• [PROBLEM]: Set down each line from the line holding "Yüksek Kaliteli Manikür" to the last line of the entries below, exactly, with both ends included and without pictures.

(DATA FOR THE TASK begins)

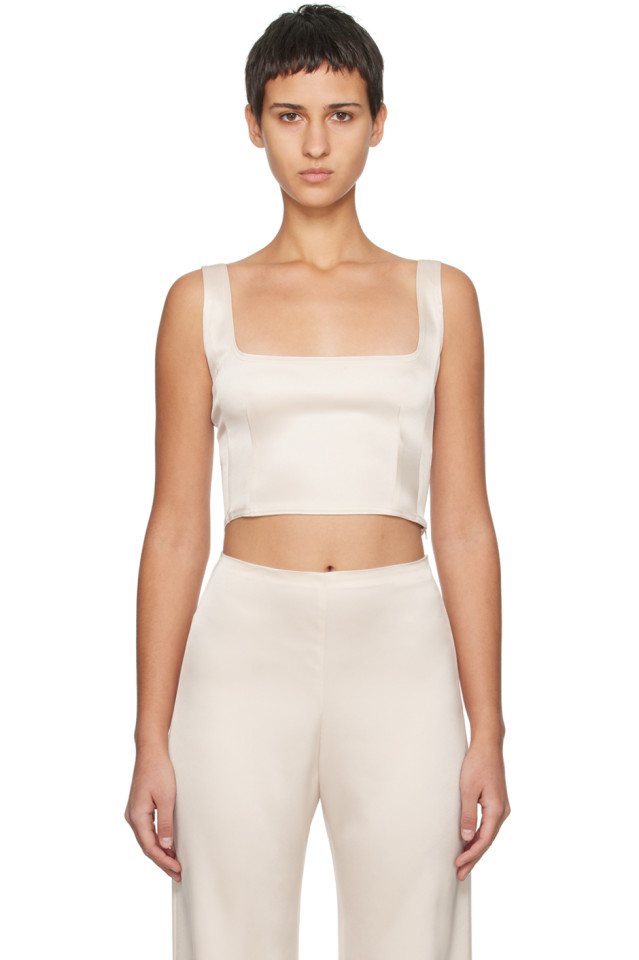 Топ Marnie Paris Georgia, цвет pearl
Топ Marnie Paris Georgia, цвет pearl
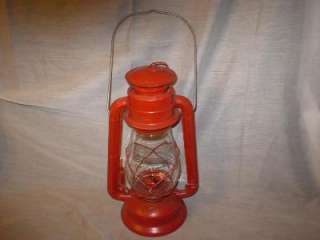 Dietz, Kmart, Kero/Lamp Oil, Red, Metal,Hanging Lamp  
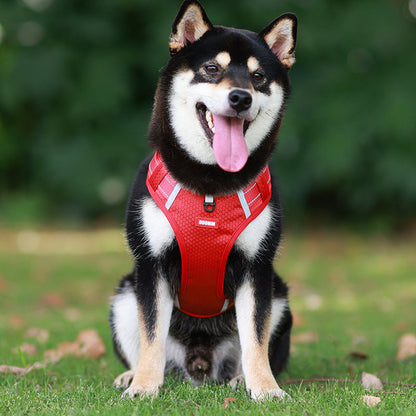 Safe Reflective Pet Harness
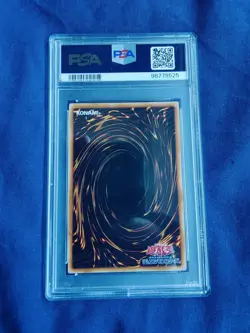 Token Akiza + Black Rose Dragon - Japanese Yugioh - PSA 10 - Image 2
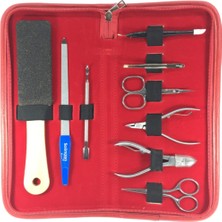 Yüksek Kaliteli Manikür Seti, Bileyli Gönderim, Şık ve Kullanışlı Tasarım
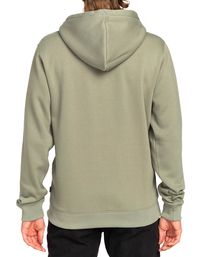 1 Arch - Sweat à capuche zippé pour Homme Vert EBYFT00109 Billabong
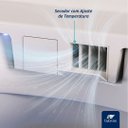 Ver mais imagens de Vaso Sanitário Inteligente Smart Toilet Automático 220V Branco Tubrax VAB0038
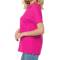 Women Classic Cotton Polo Shirt in Pink with Polo Collar Button Closure Regular Fit Short Sleeves Casual Wear Manufacturers, Suppliers, Exporters, Importers in San Diego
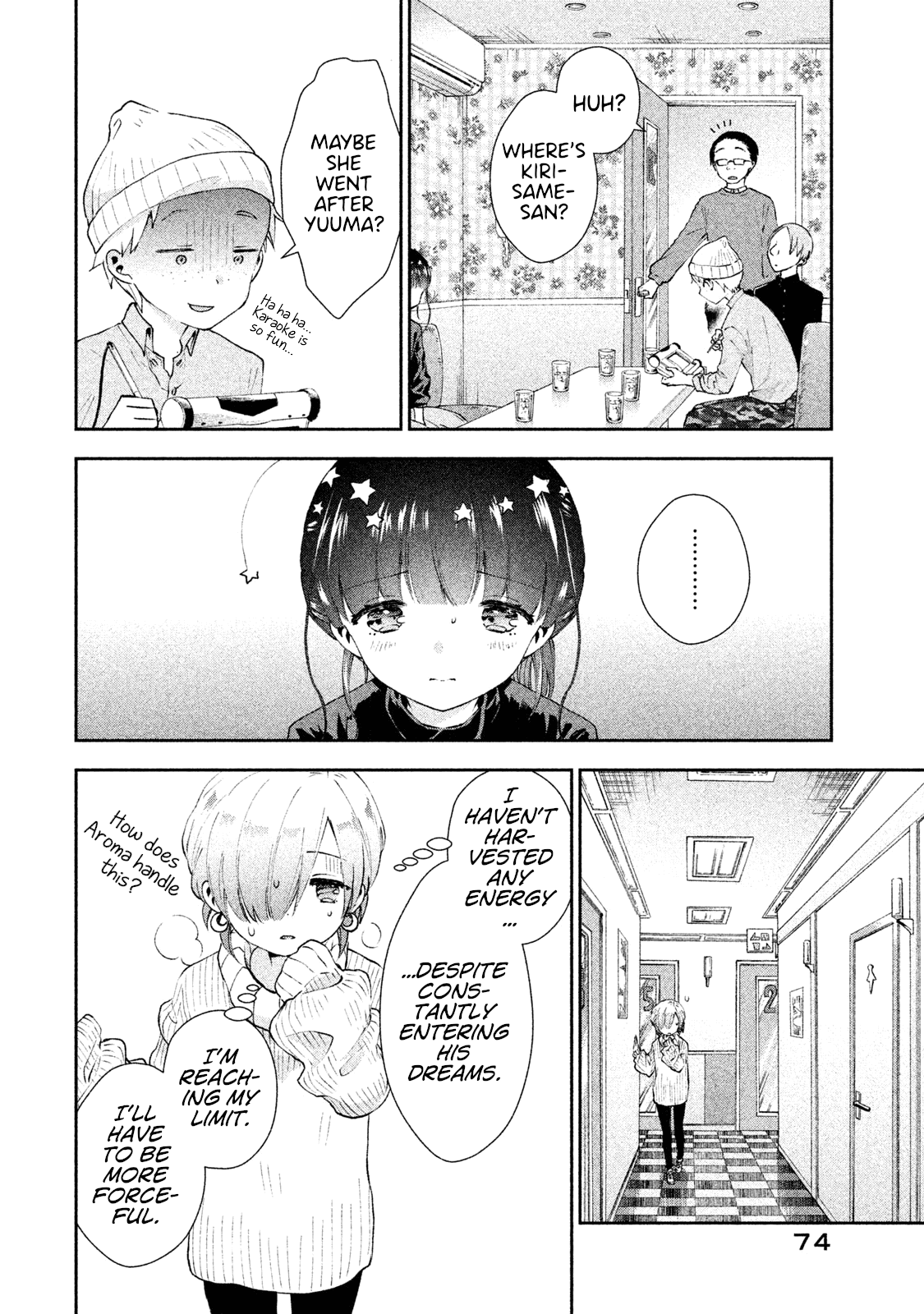 Aroma-chan wa Konya mo Hazukashii Chapter 15 page 20 - Chapter 15: Karaoke with Everyone!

(DATA FOR THE TASK ends)

• [WRITTEN RESPONSE]:
 Yüksek Kaliteli Manikür Seti, Bileyli Gönderim, Şık ve Kullanışlı Tasarım
 1 Arch - Sweat à capuche zippé pour Homme Vert EBYFT00109 Billabong
 Ver mais imagens de Vaso Sanitário Inteligente Smart Toilet Automático 220V Branco Tubrax VAB0038
 Women Classic Cotton Polo Shirt in Pink with Polo Collar Button Closure Regular Fit Short Sleeves Casual Wear Manufacturers, Suppliers, Exporters, Importers in San Diego
 Aroma-chan wa Konya mo Hazukashii Chapter 15 page 20 - Chapter 15: Karaoke with Everyone!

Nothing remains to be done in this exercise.